# Is this pretty good?



## Scienceluvr8 (May 17, 2009)

This will be the tank for my new betta, is this fine or should I do away with some things?


----------



## ninjaboyjeff (Jun 2, 2009)

Wow that looks really nice!

But I think you could do with less gravel .. xD


----------



## AngelicScars (May 5, 2009)

ninjaboyjeff said:


> I think you could do with less gravel .. xD


I agree.


----------



## Scienceluvr8 (May 17, 2009)

ok, thanks. Yeah, i thought I had a little too much, I guess I'll get rid of some.


----------



## dramaqueen (Jul 7, 2008)

Very nice tank. I agree about the gravel.


----------



## LaniBaby (Apr 14, 2009)

less gravel = more swim. otherwise it looks great!


----------



## IonBaller07 (Mar 29, 2009)

Nice looking tank, 2.5g isnt it? Where is the little guy I dont see him?

Oh and I agree with the gravel. You only need maybe 2" or enough to make it look good. If it was a saltwater tank though that would be about right


----------



## Scienceluvr8 (May 17, 2009)

oh lol, I havent added him yet, I still need to purchase him in fact. I'm going tomorrow though, hope I come back with a cute one! =)


----------



## ninjaboyjeff (Jun 2, 2009)

Hey good luck Science! I hope you get an awesome looking one man.

Any idea about what type of Betta you're gonna get?


----------



## Scienceluvr8 (May 17, 2009)

Well, I really want a crowntail!
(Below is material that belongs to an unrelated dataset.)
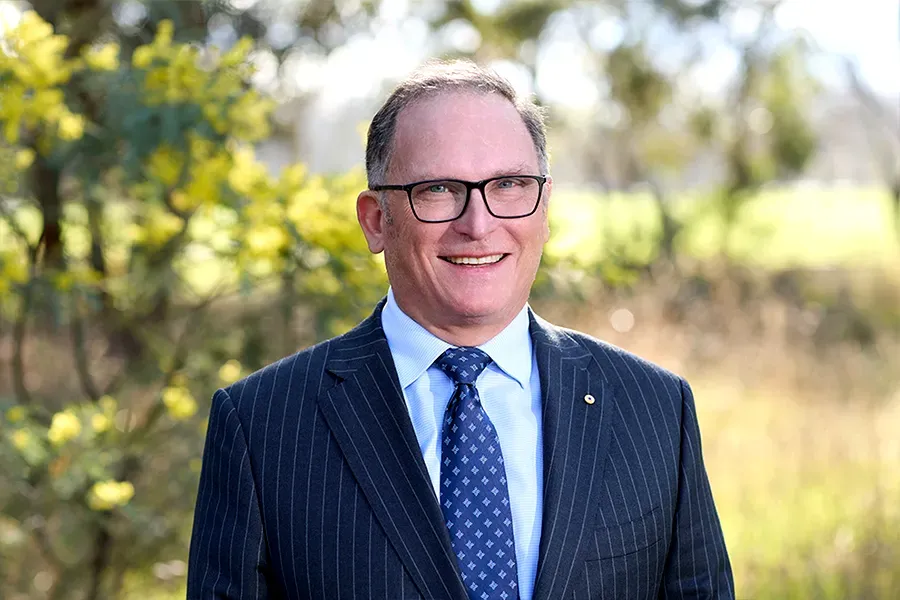 Glenn Keys AO, Board Member of the Aspen Medical Foundation, wearing a navy pinstripe suit, light blue shirt and navy patterned tie, smiling in a sunlit outdoor setting with yellow wattle flowers and soft-focus native bushland in the background.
After seeing so many pictures of them, I fell in love, lol. I hope I can find one at petco, I guess it all depends on what they have


----------



## ninjaboyjeff (Jun 2, 2009)

Dude exactly! Me too man haha! I love Crowntails dude!


----------



## Scienceluvr8 (May 17, 2009)

Yeah, hopefully I can find one!! =) If not, the half moons are pretty good looking as well


----------



## BettaSquirt (Jun 2, 2009)

What about Veiltails?
I think that they are be-utiful! Thats what my Squirty is. Even though they might not have as much of a cool tail as others, but i like them the best *my opion* im just saying. They can be as great as any other kind you pick!!


----------



## dramaqueen (Jul 7, 2008)

I think all bettas are beautiful!


----------



## IonBaller07 (Mar 29, 2009)

True they are all beautiful fish.

Petco should have crowntails, they always have about 20 of them in stock around here. Lots of times they arent very good looking but they are plentiful.


----------



## BettaSquirt (Jun 2, 2009)

IonBaller07 said:


> True they are all beautiful fish.
> 
> Petco should have crowntails, they always have about 20 of them in stock around here. Lots of times they arent very good looking but they are plentiful.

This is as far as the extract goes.